During a seminar I recently attended, Dr. Judith Beck, PhD stated “it is not as important what I think as it is what I do with what I think.” Our ability to take action, to do, provides us with a sense of control. This is part of the motivation which calls people to action after natural disasters or in times of social injustice. One may not have control over the event, but one does have control over what one does about the event. This is a lesson I have tried to teach my clients, and myself as well.

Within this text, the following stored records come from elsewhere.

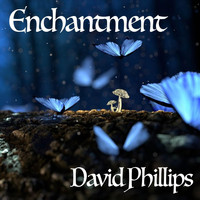 david phillips - Enchantment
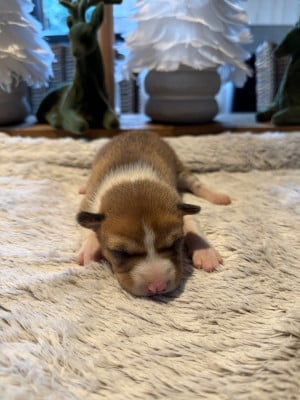 Les chiots de Basenji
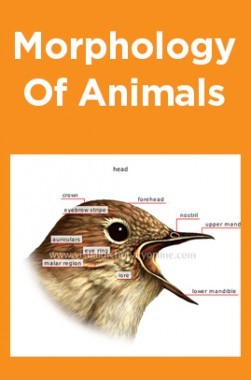 Download Morphology Of Animals by Panel Of Experts PDF Online 2020 Download Morphology Of Animals by Panel Of Experts PDF Online 2020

Why do bad things happen? Why do people have to suffer? Why is this happening to me? Questions most of us have asked, yet to which very few have found answers. I propose that asking the “why” question is not the proper question in the face of suffering or stress. In 1978 the author Stephen King wrote his novel “The Stand”. The quote below is from that novel, attributed to the character Mother Abigail. Abigail, living in Nebraska following a world-wide flu epidemic, at the age of 108, finds herself as the spiritual leader of a motley band of people trying to fight against evil:
“”Oh Nick,” Mother Abigail said, “I have harbored hate of the Lord in my heart. Every man or woman who loves Him, they hate Him too, because He’s a hard God, a jealous God, He is what He is, and in this world He’s apt to repay service with pain while those who do evil ride over the roads in Cadillac cars. Even the joy of serving Him is bitter joy. I do His will, but the human part o’ me has cursed Him in my heart. `Abby,’ the Lord says to me, `there’s work for you far up ahead. So I’ll let you live an live, until your flesh is bitter on your bones. I’ll let you see all your children die ahead of you and still you’ll walk the earth. I’ll let you see your daddy’s lan taken away piece by piece. And in the end, your reward will be to go away with strangers from all the things you love best and you’ll die in a strange land with the work not yet finished. That’s My will Abby,’ says He, and ‘Yes, Lord,’ says I. ‘Thy will be done,’ and in my heart I curse Him and ask ‘Why, why, why?’ and the only answer I get is ‘Where were you when I made the world?’”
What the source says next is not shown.